[Try it]
Which lines run from the line with "WarBLade New Colorful" through the line with "Blusa ALBA CONDE detalle lazo en color verde" in the entries below? Print them exactly, both ends included, and nothing more.

*** Dataset Section Begins ***

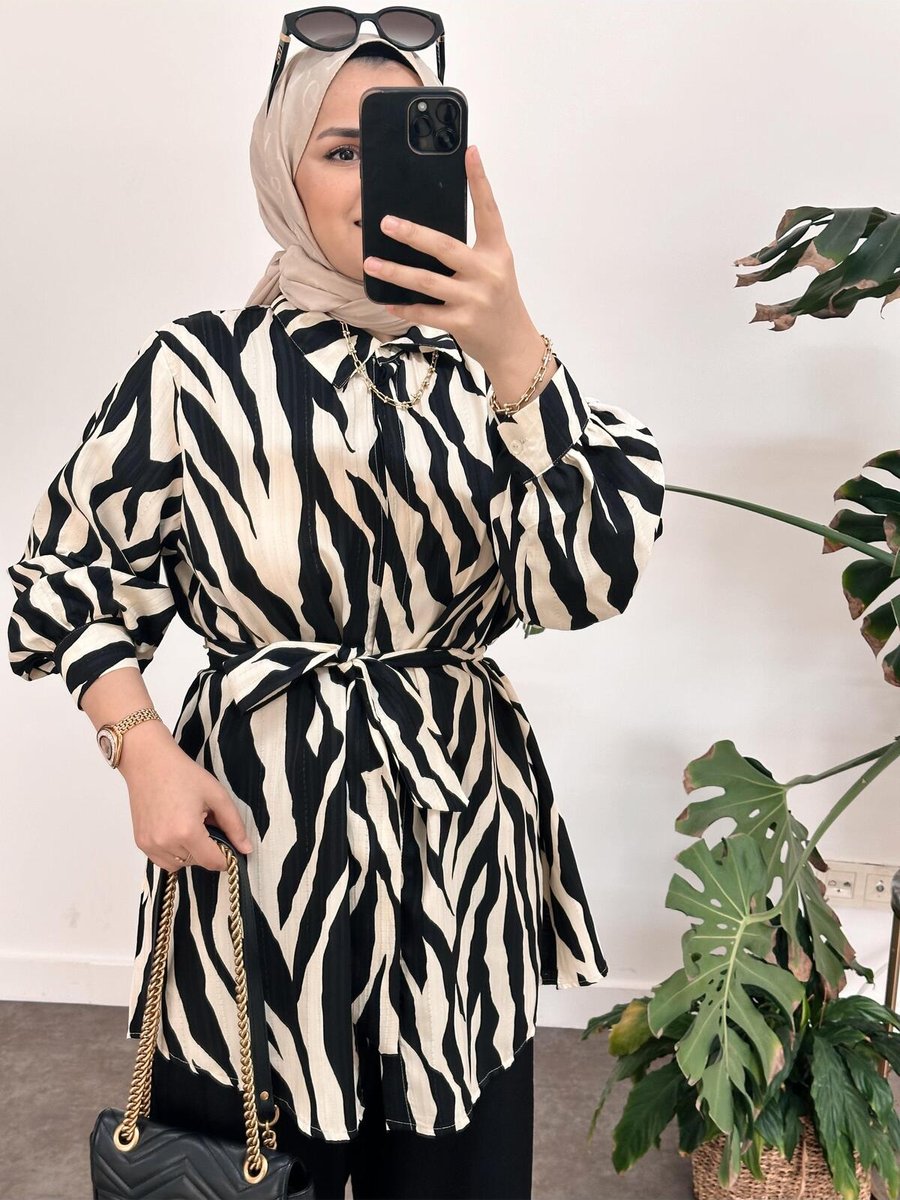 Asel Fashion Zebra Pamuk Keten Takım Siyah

*** Dataset Section Ends ***
*** Dataset Section Begins ***

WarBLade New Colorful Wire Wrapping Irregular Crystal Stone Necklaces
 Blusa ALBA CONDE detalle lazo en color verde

*** Dataset Section Ends ***

[Task response]
WarBLade New Colorful Wire Wrapping Irregular Crystal Stone Necklaces
 Blusa ALBA CONDE detalle lazo en color verde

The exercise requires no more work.